Data in this exercise:
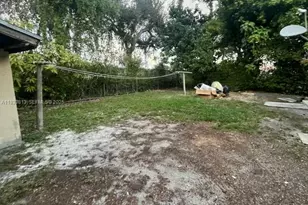 561 NW 113th St, Miami Shores, FL 33168 - Photo 38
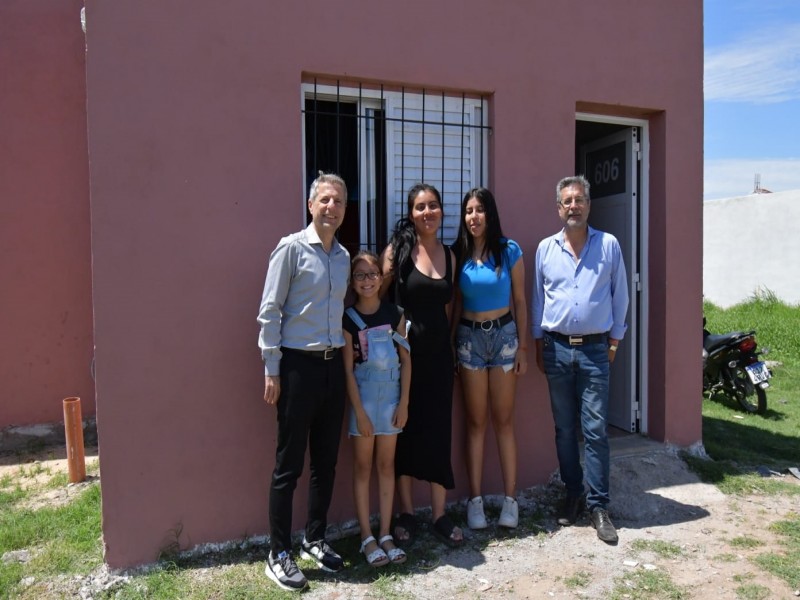Más familias cumplen el sueño de la casa propia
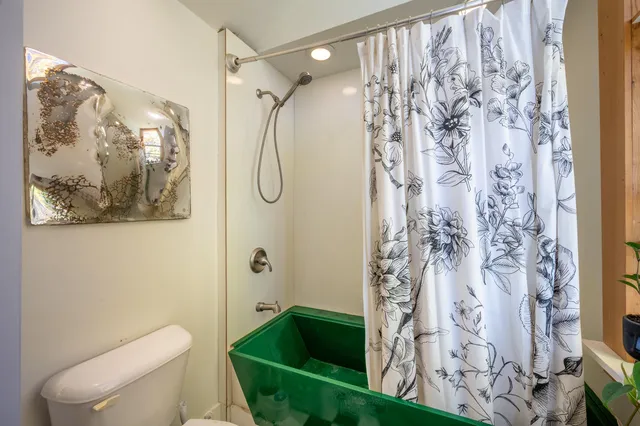 $210,000 | 3056 Indian Valley Road Northwest, Willis, VA 24380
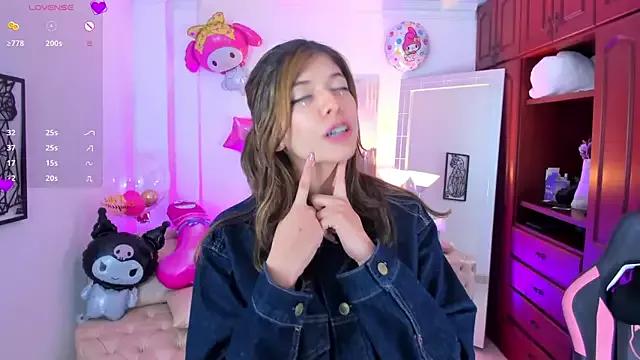 Try our streaming cams variety and talk on a personal level with our adorable girls streamers, showing off their bountiful shapes and dildos.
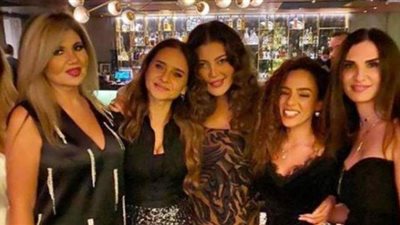 نيللي كريم تحتفل بعيد ميلادها الـ46 بحضور نجوم الفن | فيديو وصور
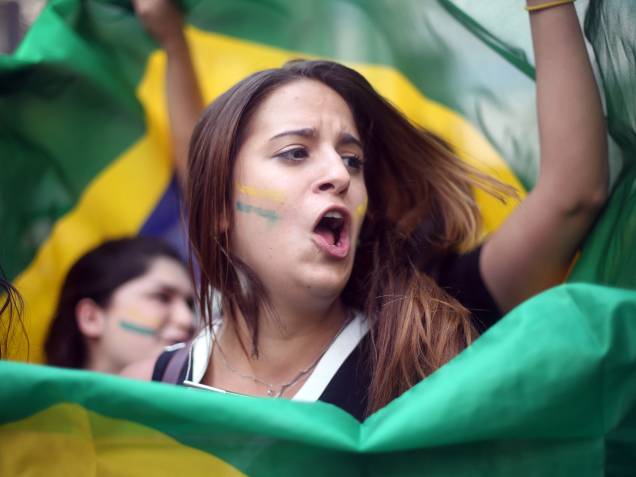 Manifestantes fazem protesto na Avenida Paulista, em  SP, contra a Presidente Dilma Rousseff e a nomeação do ex-Presidente Lula como novo Ministro da Casa Civil, na manhã desta quinta-feira (17)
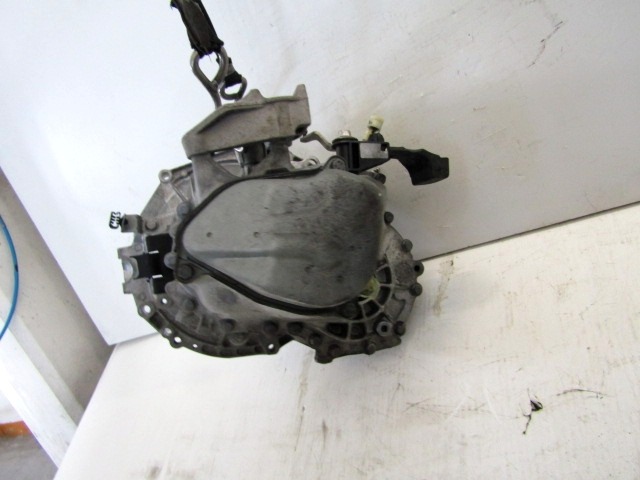 ROCNI MENJALNIK OEM N. 2231F3 2206CY 2101P6 ORIGINAL REZERVNI DEL CITROEN C3 MK2 SC (2009 - 2016) BENZINA LETNIK 2010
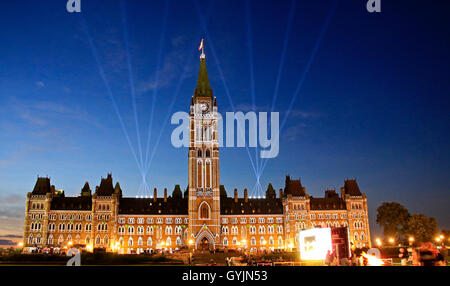 Parlamento canadese edificio preparando per visualizzare luci del nord mostra promossa dal governo del Canada e Manulife. Foto Stock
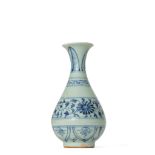 Vase en porcelaine blanche décorée en bleu cobalt sous couverte de frises horizontales, palmettes, «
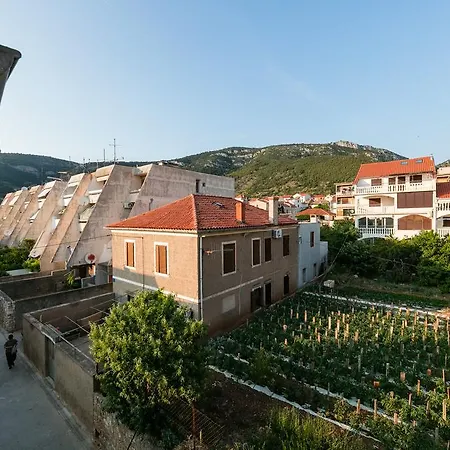 Kastelani Apartman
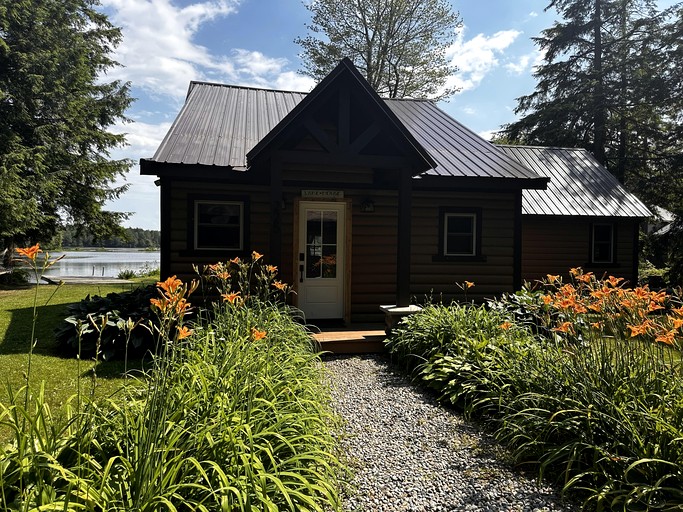 Cabins (United States of America, Salisbury, New York)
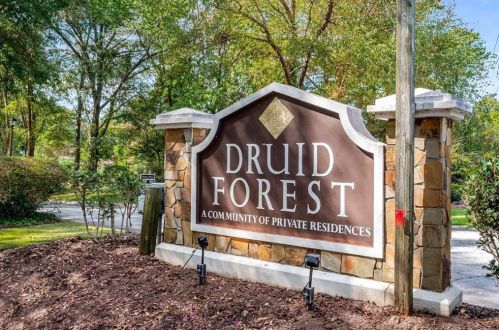 1333 Crossing Dr, Atlanta, GA 30329-3570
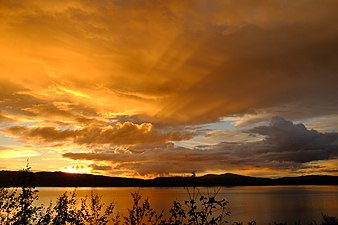 Norvegiyaning Sulitjelma shahrida quyosh botishi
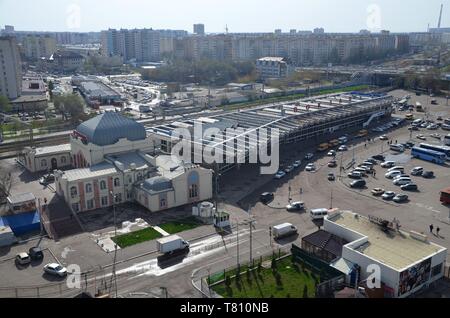 Astrachan, Stadt an der Volga in Südrussland: Blick auf den Bahnhof Stock Photo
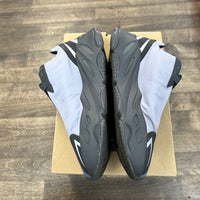Geode Yeezy 700 MNVN (USED)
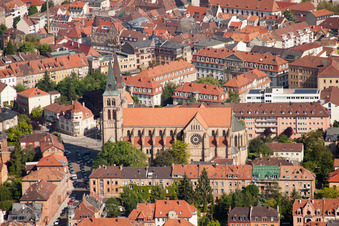 Vue aérienne de Église catholique de l'Assomption de Marie - Église Sainte-Marie à Landau in der Pfalz dans le département Rhénanie-Palatinat, Allemagne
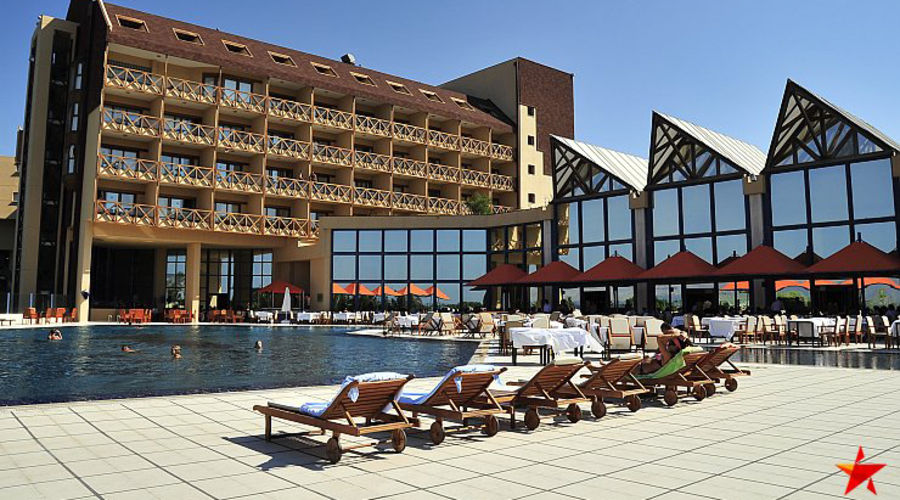 Geleceğin Yıldızları Sörf Kampı (Alaçatı)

Activity:
Please, without any pictures, retype the records exactly as they appear.

Solution to the problem:
 561 NW 113th St, Miami Shores, FL 33168 - Photo 38
Más familias cumplen el sueño de la casa propia
 $210,000 | 3056 Indian Valley Road Northwest, Willis, VA 24380
 Try our streaming cams variety and talk on a personal level with our adorable girls streamers, showing off their bountiful shapes and dildos.
 نيللي كريم تحتفل بعيد ميلادها الـ46 بحضور نجوم الفن | فيديو وصور
 Manifestantes fazem protesto na Avenida Paulista, em  SP, contra a Presidente Dilma Rousseff e a nomeação do ex-Presidente Lula como novo Ministro da Casa Civil, na manhã desta quinta-feira (17)
 ROCNI MENJALNIK OEM N. 2231F3 2206CY 2101P6 ORIGINAL REZERVNI DEL CITROEN C3 MK2 SC (2009 - 2016) BENZINA LETNIK 2010
 Parlamento canadese edificio preparando per visualizzare luci del nord mostra promossa dal governo del Canada e Manulife. Foto Stock
 Vase en porcelaine blanche décorée en bleu cobalt sous couverte de frises horizontales, palmettes, «
 Kastelani Apartman
 Cabins (United States of America, Salisbury, New York)
 1333 Crossing Dr, Atlanta, GA 30329-3570
 Norvegiyaning Sulitjelma shahrida quyosh botishi
 Astrachan, Stadt an der Volga in Südrussland: Blick auf den Bahnhof Stock Photo
Geode Yeezy 700 MNVN (USED)
 Vue aérienne de Église catholique de l'Assomption de Marie - Église Sainte-Marie à Landau in der Pfalz dans le département Rhénanie-Palatinat, Allemagne
 Geleceğin Yıldızları Sörf Kampı (Alaçatı)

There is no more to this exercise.